Erica has been asking me for a few weeks if we could please have spaghetti and meatballs for dinner. I haven’t made meatballs in a VERY long time because when it comes to cooking with meat, I’m cheap and I hate making things that call for lots and lots of meat. But, ever trying to please my family at dinnertime, I decided to look around a bit and see if I could find a good "meatball" solution. I know wheat can be used as a meat extender, so I searched online and found this recipe for meatballs.

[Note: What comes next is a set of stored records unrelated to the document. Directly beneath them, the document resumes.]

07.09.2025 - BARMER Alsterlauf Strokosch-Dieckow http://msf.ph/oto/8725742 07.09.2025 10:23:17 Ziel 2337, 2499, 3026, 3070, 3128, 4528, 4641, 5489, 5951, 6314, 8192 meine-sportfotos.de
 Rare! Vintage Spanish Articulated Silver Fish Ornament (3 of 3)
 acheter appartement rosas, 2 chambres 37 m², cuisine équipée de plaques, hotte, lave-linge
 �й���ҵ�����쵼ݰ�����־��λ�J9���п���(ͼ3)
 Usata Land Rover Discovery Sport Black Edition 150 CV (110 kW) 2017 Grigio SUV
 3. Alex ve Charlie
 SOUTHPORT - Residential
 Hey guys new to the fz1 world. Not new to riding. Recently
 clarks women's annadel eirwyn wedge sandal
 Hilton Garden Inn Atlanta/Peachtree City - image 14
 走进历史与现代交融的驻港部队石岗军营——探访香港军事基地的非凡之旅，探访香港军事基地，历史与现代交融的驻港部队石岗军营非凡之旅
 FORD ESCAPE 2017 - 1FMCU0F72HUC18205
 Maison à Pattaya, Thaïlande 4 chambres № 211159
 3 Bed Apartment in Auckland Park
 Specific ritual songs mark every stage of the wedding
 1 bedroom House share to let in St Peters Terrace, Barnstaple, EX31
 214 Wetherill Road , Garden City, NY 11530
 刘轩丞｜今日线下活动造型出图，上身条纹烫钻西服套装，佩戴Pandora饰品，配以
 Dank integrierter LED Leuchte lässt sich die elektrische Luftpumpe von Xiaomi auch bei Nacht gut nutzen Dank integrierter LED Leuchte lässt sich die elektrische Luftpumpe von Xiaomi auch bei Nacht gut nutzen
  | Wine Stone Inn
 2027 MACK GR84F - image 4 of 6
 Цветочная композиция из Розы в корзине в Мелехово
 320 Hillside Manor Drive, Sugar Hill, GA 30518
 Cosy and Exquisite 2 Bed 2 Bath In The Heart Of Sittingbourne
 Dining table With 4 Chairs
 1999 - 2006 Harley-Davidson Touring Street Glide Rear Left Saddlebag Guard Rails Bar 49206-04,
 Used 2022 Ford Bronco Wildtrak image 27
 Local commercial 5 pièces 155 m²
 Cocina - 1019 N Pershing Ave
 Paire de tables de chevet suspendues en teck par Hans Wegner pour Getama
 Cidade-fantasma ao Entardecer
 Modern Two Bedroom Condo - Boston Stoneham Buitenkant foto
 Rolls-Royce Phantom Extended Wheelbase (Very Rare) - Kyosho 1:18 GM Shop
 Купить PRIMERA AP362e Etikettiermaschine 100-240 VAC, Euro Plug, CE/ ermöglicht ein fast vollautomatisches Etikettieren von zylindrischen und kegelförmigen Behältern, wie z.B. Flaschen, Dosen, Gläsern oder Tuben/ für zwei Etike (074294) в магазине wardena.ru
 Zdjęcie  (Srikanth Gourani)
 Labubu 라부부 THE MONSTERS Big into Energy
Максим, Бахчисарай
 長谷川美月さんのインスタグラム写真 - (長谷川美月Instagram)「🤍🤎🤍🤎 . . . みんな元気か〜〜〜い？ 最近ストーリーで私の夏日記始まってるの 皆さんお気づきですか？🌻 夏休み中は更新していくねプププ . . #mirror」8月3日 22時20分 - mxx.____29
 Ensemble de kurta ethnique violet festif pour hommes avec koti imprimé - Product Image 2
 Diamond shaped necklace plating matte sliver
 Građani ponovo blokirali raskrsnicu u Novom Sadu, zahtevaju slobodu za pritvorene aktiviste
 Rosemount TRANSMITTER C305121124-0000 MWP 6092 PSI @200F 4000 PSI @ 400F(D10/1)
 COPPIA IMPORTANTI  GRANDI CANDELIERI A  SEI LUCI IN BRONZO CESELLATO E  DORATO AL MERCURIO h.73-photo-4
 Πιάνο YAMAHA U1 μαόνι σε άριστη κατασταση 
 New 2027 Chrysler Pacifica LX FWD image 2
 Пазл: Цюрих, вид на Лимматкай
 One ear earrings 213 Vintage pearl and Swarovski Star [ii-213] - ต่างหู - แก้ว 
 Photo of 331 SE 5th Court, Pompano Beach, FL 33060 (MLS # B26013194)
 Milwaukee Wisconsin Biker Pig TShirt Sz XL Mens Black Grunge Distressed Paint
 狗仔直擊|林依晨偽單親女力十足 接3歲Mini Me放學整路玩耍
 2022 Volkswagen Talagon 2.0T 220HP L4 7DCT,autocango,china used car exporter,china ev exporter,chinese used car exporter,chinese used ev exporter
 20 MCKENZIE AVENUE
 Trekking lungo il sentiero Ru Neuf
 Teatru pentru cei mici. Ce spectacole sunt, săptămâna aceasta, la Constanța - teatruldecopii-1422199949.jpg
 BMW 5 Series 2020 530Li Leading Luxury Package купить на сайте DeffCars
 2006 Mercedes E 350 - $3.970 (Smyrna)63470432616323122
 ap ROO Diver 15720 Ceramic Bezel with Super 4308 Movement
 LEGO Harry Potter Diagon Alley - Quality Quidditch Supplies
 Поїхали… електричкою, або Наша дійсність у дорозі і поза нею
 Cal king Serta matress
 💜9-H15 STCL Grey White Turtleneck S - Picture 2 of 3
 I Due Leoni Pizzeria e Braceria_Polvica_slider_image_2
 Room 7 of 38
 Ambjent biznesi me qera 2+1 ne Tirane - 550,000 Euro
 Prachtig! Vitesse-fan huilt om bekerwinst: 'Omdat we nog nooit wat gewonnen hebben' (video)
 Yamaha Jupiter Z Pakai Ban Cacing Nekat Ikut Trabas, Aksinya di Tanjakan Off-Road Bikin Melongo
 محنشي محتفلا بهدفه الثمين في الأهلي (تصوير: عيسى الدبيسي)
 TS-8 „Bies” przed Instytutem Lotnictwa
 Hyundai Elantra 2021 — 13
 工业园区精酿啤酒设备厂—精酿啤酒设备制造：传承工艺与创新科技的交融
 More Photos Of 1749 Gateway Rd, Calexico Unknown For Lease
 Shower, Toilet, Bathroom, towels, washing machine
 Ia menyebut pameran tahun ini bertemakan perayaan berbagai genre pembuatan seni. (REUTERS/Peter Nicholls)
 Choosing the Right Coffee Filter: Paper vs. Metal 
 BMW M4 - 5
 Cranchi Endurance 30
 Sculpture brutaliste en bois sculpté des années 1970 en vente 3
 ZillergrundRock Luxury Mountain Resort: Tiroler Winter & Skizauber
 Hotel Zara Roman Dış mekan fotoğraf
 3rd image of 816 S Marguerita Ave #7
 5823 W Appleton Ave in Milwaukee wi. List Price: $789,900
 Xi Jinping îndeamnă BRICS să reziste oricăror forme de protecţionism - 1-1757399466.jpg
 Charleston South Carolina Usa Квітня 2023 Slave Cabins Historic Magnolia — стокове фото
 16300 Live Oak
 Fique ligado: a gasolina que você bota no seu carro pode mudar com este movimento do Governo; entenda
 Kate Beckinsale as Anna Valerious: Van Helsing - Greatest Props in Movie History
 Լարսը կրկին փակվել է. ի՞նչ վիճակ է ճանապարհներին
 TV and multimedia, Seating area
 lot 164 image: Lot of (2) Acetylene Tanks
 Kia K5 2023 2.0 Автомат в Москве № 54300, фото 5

While I don’t know that I’d go so far as to call them "the best" like the name states, they were pretty good and Erica was very pleased, polishing off at least 4 meatballs. Isaac (who is not really a big meat eater) ate half of one and announced he didn’t really want a meatball after all, and Cambria ate a few bites of hers before starting a food fight with the kitchen floor. Kimball said he liked them "as long as you know to expect the wheat," but I didn’t really notice it. I think probably had I used cracked bulgur he would have noticed it less, but since I tried and failed to crack my (homemade) bulgur, we just used it whole.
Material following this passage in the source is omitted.